The quarter-teaspoon of salt in the filling is the detail nobody writes down. Sugar and fat together read as flat without it; salt sharpens the cinnamon and makes the sweetness legible instead of merely present. Half a teaspoon is better if your butter is unsalted and your palate is like mine.
The case against
Kanelbullar are a four-hour project with a four-hour peak, and they are genuinely worse the next morning. Everything about them is calibrated for a bun eaten warm within sight of the oven, which makes them a poor thing to bake for a party the day before and an excellent reason to own a freezer.
They are also, by the standards of what most people expect from a cinnamon bun, underwhelming on first bite. If you have grown up on the American roll — the gooey centre, the frosting, the sheer sugar — a kanelbulle can read as dry and plain. That reaction is a fair description of the design brief rather than a failure. The bun is built to disappear alongside coffee and to leave you willing to have another one before lunch. Judged on its own terms it is one of the great pieces of bread engineering in Europe; judged as a dessert it will lose every time.

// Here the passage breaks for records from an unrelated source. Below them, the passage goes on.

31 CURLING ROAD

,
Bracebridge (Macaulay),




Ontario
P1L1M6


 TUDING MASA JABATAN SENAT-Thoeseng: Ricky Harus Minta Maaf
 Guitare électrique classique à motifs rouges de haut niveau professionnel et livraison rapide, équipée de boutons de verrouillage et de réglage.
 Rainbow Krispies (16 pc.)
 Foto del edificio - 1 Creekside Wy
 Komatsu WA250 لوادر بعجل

And the cardamom is not optional or negotiable. Without it, all the work above produces a competent enriched bun with cinnamon in it, which you can buy anywhere. The same distinction separates a proper Swedish cardamom bun from a supermarket approximation, and it separates a real kringle from a sweet plait.
Storage and troubleshooting
Kanelbullar are best within four hours and acceptable for a day. They freeze extremely well — cool completely, bag, freeze up to three months, and refresh straight from frozen at 180°C for five minutes, which brings them back almost entirely.
Filling leaked everywhere. The butter was melted rather than very soft, or the dough was warm. Chill the rolled sheet for ten minutes before cutting if your kitchen is hot.
Buns unwound in the oven. The tuck was not tucked. Push the loose end firmly up through the centre and press it against the tray.
Dry. Overbaked, or the syrup was skipped. Both are common and the syrup is thirty seconds of work.
Dense. Under-kneaded, or under-proved. The shaped buns should look inflated and hold a fingerprint halfway before they go in.
No cardamom. The jar. Always the jar.
Serve with black coffee, standing up, at ten in the morning. That is what they are for.